__WHAT THE TASK REQUIRES__
Make an exact reproduction of all the data.

=== Section Start ===

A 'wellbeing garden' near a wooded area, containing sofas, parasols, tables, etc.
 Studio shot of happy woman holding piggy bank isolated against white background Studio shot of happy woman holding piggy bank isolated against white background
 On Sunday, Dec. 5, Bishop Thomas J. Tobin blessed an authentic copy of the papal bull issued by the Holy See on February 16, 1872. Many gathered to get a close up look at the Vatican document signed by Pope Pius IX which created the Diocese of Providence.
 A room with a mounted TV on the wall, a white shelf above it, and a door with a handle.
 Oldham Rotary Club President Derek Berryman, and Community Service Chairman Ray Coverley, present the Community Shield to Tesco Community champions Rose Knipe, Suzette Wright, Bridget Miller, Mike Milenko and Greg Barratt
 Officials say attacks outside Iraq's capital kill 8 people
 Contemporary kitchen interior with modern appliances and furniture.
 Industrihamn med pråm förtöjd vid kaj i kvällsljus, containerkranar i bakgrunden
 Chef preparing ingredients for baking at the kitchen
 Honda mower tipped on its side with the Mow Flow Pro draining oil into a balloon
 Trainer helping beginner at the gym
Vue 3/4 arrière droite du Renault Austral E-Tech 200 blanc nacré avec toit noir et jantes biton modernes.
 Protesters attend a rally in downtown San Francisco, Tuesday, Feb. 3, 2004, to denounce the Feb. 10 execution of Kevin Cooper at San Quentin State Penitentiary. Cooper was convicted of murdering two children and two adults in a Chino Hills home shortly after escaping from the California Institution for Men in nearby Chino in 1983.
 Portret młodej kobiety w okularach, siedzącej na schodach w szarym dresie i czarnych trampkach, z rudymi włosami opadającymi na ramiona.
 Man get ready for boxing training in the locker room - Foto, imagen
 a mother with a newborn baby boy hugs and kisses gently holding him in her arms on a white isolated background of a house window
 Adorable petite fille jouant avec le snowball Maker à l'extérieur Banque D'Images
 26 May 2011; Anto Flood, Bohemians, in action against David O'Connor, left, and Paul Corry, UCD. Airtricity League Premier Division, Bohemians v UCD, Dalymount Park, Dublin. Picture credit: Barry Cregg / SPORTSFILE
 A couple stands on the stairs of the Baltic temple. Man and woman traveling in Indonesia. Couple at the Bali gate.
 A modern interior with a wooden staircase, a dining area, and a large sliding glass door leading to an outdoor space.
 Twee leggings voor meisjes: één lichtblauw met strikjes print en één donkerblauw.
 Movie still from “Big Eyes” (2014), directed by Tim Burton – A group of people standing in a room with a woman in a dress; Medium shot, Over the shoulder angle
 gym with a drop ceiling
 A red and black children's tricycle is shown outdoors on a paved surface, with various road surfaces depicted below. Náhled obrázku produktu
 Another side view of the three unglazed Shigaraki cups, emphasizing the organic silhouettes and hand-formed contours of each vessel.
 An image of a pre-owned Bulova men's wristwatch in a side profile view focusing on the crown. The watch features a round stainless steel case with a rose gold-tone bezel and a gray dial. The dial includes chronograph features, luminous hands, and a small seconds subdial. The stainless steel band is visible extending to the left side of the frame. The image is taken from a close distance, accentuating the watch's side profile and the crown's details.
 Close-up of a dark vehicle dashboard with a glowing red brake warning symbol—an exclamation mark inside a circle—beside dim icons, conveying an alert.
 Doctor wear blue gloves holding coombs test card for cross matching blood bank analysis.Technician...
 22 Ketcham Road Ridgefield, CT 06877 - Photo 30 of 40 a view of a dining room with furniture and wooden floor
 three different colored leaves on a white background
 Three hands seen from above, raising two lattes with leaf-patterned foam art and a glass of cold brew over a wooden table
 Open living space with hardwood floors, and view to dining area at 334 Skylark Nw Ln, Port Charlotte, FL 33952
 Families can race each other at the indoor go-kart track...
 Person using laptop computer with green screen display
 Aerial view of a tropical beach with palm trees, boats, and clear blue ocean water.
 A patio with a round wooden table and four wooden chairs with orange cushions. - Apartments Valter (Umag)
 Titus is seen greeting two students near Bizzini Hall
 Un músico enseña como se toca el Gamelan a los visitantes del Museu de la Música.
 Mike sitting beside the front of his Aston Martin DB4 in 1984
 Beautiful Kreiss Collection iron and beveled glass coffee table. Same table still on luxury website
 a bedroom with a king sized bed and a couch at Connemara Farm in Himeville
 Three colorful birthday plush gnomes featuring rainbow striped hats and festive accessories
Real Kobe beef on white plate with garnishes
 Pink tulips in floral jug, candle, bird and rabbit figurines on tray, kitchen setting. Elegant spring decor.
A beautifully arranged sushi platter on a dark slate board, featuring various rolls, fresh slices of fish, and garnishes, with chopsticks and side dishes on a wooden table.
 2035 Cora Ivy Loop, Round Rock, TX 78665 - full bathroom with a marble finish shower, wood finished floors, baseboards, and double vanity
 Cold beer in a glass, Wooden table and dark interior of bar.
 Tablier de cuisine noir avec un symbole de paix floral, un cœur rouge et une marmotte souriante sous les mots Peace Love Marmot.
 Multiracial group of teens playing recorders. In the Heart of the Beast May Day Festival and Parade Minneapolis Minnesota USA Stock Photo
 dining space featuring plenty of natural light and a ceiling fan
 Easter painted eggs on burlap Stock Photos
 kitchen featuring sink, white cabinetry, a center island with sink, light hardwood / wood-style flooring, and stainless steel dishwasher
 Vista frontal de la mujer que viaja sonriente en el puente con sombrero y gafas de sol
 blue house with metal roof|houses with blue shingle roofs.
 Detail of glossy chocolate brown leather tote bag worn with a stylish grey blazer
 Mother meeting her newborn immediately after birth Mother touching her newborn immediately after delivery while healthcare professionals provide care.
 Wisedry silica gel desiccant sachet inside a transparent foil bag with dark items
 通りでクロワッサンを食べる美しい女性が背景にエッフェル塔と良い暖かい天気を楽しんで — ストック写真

=== Section End ===

__FINISHED EXERCISE__
A 'wellbeing garden' near a wooded area, containing sofas, parasols, tables, etc.
 Studio shot of happy woman holding piggy bank isolated against white background Studio shot of happy woman holding piggy bank isolated against white background
 On Sunday, Dec. 5, Bishop Thomas J. Tobin blessed an authentic copy of the papal bull issued by the Holy See on February 16, 1872. Many gathered to get a close up look at the Vatican document signed by Pope Pius IX which created the Diocese of Providence.
 A room with a mounted TV on the wall, a white shelf above it, and a door with a handle.
 Oldham Rotary Club President Derek Berryman, and Community Service Chairman Ray Coverley, present the Community Shield to Tesco Community champions Rose Knipe, Suzette Wright, Bridget Miller, Mike Milenko and Greg Barratt
 Officials say attacks outside Iraq's capital kill 8 people
 Contemporary kitchen interior with modern appliances and furniture.
 Industrihamn med pråm förtöjd vid kaj i kvällsljus, containerkranar i bakgrunden
 Chef preparing ingredients for baking at the kitchen
 Honda mower tipped on its side with the Mow Flow Pro draining oil into a balloon
 Trainer helping beginner at the gym
Vue 3/4 arrière droite du Renault Austral E-Tech 200 blanc nacré avec toit noir et jantes biton modernes.
 Protesters attend a rally in downtown San Francisco, Tuesday, Feb. 3, 2004, to denounce the Feb. 10 execution of Kevin Cooper at San Quentin State Penitentiary. Cooper was convicted of murdering two children and two adults in a Chino Hills home shortly after escaping from the California Institution for Men in nearby Chino in 1983.
 Portret młodej kobiety w okularach, siedzącej na schodach w szarym dresie i czarnych trampkach, z rudymi włosami opadającymi na ramiona.
 Man get ready for boxing training in the locker room - Foto, imagen
 a mother with a newborn baby boy hugs and kisses gently holding him in her arms on a white isolated background of a house window
 Adorable petite fille jouant avec le snowball Maker à l'extérieur Banque D'Images
 26 May 2011; Anto Flood, Bohemians, in action against David O'Connor, left, and Paul Corry, UCD. Airtricity League Premier Division, Bohemians v UCD, Dalymount Park, Dublin. Picture credit: Barry Cregg / SPORTSFILE
 A couple stands on the stairs of the Baltic temple. Man and woman traveling in Indonesia. Couple at the Bali gate.
 A modern interior with a wooden staircase, a dining area, and a large sliding glass door leading to an outdoor space.
 Twee leggings voor meisjes: één lichtblauw met strikjes print en één donkerblauw.
 Movie still from “Big Eyes” (2014), directed by Tim Burton – A group of people standing in a room with a woman in a dress; Medium shot, Over the shoulder angle
 gym with a drop ceiling
 A red and black children's tricycle is shown outdoors on a paved surface, with various road surfaces depicted below. Náhled obrázku produktu
 Another side view of the three unglazed Shigaraki cups, emphasizing the organic silhouettes and hand-formed contours of each vessel.
 An image of a pre-owned Bulova men's wristwatch in a side profile view focusing on the crown. The watch features a round stainless steel case with a rose gold-tone bezel and a gray dial. The dial includes chronograph features, luminous hands, and a small seconds subdial. The stainless steel band is visible extending to the left side of the frame. The image is taken from a close distance, accentuating the watch's side profile and the crown's details.
 Close-up of a dark vehicle dashboard with a glowing red brake warning symbol—an exclamation mark inside a circle—beside dim icons, conveying an alert.
 Doctor wear blue gloves holding coombs test card for cross matching blood bank analysis.Technician...
 22 Ketcham Road Ridgefield, CT 06877 - Photo 30 of 40 a view of a dining room with furniture and wooden floor
 three different colored leaves on a white background
 Three hands seen from above, raising two lattes with leaf-patterned foam art and a glass of cold brew over a wooden table
 Open living space with hardwood floors, and view to dining area at 334 Skylark Nw Ln, Port Charlotte, FL 33952
 Families can race each other at the indoor go-kart track...
 Person using laptop computer with green screen display
 Aerial view of a tropical beach with palm trees, boats, and clear blue ocean water.
 A patio with a round wooden table and four wooden chairs with orange cushions. - Apartments Valter (Umag)
 Titus is seen greeting two students near Bizzini Hall
 Un músico enseña como se toca el Gamelan a los visitantes del Museu de la Música.
 Mike sitting beside the front of his Aston Martin DB4 in 1984
 Beautiful Kreiss Collection iron and beveled glass coffee table. Same table still on luxury website
 a bedroom with a king sized bed and a couch at Connemara Farm in Himeville
 Three colorful birthday plush gnomes featuring rainbow striped hats and festive accessories
Real Kobe beef on white plate with garnishes
 Pink tulips in floral jug, candle, bird and rabbit figurines on tray, kitchen setting. Elegant spring decor.
A beautifully arranged sushi platter on a dark slate board, featuring various rolls, fresh slices of fish, and garnishes, with chopsticks and side dishes on a wooden table.
 2035 Cora Ivy Loop, Round Rock, TX 78665 - full bathroom with a marble finish shower, wood finished floors, baseboards, and double vanity
 Cold beer in a glass, Wooden table and dark interior of bar.
 Tablier de cuisine noir avec un symbole de paix floral, un cœur rouge et une marmotte souriante sous les mots Peace Love Marmot.
 Multiracial group of teens playing recorders. In the Heart of the Beast May Day Festival and Parade Minneapolis Minnesota USA Stock Photo
 dining space featuring plenty of natural light and a ceiling fan
 Easter painted eggs on burlap Stock Photos
 kitchen featuring sink, white cabinetry, a center island with sink, light hardwood / wood-style flooring, and stainless steel dishwasher
 Vista frontal de la mujer que viaja sonriente en el puente con sombrero y gafas de sol
 blue house with metal roof|houses with blue shingle roofs.
 Detail of glossy chocolate brown leather tote bag worn with a stylish grey blazer
 Mother meeting her newborn immediately after birth Mother touching her newborn immediately after delivery while healthcare professionals provide care.
 Wisedry silica gel desiccant sachet inside a transparent foil bag with dark items
 通りでクロワッサンを食べる美しい女性が背景にエッフェル塔と良い暖かい天気を楽しんで — ストック写真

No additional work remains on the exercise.